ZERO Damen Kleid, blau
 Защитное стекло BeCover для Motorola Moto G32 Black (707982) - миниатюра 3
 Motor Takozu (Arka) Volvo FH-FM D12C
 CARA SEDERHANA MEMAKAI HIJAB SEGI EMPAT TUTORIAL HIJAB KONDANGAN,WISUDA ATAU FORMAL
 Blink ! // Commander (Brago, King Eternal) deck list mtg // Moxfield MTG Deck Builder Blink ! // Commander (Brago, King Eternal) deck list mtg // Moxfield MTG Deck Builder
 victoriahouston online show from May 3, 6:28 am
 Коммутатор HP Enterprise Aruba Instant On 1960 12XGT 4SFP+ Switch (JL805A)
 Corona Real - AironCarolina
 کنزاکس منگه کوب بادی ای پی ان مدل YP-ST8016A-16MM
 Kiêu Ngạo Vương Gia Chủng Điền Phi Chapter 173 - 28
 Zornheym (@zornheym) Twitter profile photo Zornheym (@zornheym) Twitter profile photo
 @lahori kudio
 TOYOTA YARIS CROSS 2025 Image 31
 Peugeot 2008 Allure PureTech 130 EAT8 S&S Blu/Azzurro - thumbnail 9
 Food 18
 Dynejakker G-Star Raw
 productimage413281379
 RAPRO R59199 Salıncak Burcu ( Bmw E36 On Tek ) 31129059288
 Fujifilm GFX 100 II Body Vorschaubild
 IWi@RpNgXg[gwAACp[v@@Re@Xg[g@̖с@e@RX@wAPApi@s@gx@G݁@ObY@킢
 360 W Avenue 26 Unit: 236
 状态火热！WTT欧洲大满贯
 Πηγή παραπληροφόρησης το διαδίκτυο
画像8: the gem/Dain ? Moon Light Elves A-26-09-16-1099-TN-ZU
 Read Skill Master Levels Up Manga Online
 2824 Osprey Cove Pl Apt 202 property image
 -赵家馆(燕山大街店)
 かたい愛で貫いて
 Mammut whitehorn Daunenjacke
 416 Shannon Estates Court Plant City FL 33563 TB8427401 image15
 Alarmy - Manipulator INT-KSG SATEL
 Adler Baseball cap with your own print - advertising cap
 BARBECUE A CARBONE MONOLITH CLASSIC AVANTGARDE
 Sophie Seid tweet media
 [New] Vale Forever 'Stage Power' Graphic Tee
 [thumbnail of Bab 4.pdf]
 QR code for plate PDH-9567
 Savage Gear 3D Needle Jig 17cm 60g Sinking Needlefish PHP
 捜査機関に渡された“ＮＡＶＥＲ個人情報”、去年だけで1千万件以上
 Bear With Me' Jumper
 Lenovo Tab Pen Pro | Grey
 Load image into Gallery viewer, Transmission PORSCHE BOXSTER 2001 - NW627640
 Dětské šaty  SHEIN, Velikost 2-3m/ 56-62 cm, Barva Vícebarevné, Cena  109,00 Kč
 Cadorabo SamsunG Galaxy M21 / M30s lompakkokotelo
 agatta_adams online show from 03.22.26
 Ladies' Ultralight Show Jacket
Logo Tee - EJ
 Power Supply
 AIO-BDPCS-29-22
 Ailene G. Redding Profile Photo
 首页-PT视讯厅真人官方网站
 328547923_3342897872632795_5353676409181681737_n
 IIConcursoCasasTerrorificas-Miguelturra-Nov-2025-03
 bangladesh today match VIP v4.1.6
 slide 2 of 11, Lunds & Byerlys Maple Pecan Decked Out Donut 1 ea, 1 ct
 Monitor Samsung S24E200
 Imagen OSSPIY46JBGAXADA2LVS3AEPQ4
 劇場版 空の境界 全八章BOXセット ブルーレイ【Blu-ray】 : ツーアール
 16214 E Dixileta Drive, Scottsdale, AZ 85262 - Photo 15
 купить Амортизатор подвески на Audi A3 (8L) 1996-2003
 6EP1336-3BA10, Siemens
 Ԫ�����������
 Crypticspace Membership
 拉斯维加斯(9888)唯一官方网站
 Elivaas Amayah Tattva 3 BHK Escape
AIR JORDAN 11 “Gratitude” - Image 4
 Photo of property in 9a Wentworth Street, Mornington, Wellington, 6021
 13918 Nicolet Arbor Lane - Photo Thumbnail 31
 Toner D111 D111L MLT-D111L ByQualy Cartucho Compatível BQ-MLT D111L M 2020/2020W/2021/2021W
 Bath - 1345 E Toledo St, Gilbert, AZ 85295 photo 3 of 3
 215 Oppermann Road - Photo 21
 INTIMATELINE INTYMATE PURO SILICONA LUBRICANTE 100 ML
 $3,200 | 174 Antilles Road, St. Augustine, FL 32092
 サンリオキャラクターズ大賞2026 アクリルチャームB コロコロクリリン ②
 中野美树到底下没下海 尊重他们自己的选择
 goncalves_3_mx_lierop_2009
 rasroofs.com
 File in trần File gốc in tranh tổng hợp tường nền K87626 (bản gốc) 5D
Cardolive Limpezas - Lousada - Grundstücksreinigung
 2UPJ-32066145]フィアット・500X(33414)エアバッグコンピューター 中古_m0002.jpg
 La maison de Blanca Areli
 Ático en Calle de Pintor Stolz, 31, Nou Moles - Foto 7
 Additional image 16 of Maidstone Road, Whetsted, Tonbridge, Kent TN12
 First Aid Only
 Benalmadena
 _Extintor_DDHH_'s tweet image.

━━━━━━━━━━

## Task instructions
Take the records above and return, word for word, only the lines that fall from the line with "2824 Osprey Cove Pl Apt 202 property image" to the line with "Bear With Me' Jumper", both of them included.

## Response below
 2824 Osprey Cove Pl Apt 202 property image
 -赵家馆(燕山大街店)
 かたい愛で貫いて
 Mammut whitehorn Daunenjacke
 416 Shannon Estates Court Plant City FL 33563 TB8427401 image15
 Alarmy - Manipulator INT-KSG SATEL
 Adler Baseball cap with your own print - advertising cap
 BARBECUE A CARBONE MONOLITH CLASSIC AVANTGARDE
 Sophie Seid tweet media
 [New] Vale Forever 'Stage Power' Graphic Tee
 [thumbnail of Bab 4.pdf]
 QR code for plate PDH-9567
 Savage Gear 3D Needle Jig 17cm 60g Sinking Needlefish PHP
 捜査機関に渡された“ＮＡＶＥＲ個人情報”、去年だけで1千万件以上
 Bear With Me' Jumper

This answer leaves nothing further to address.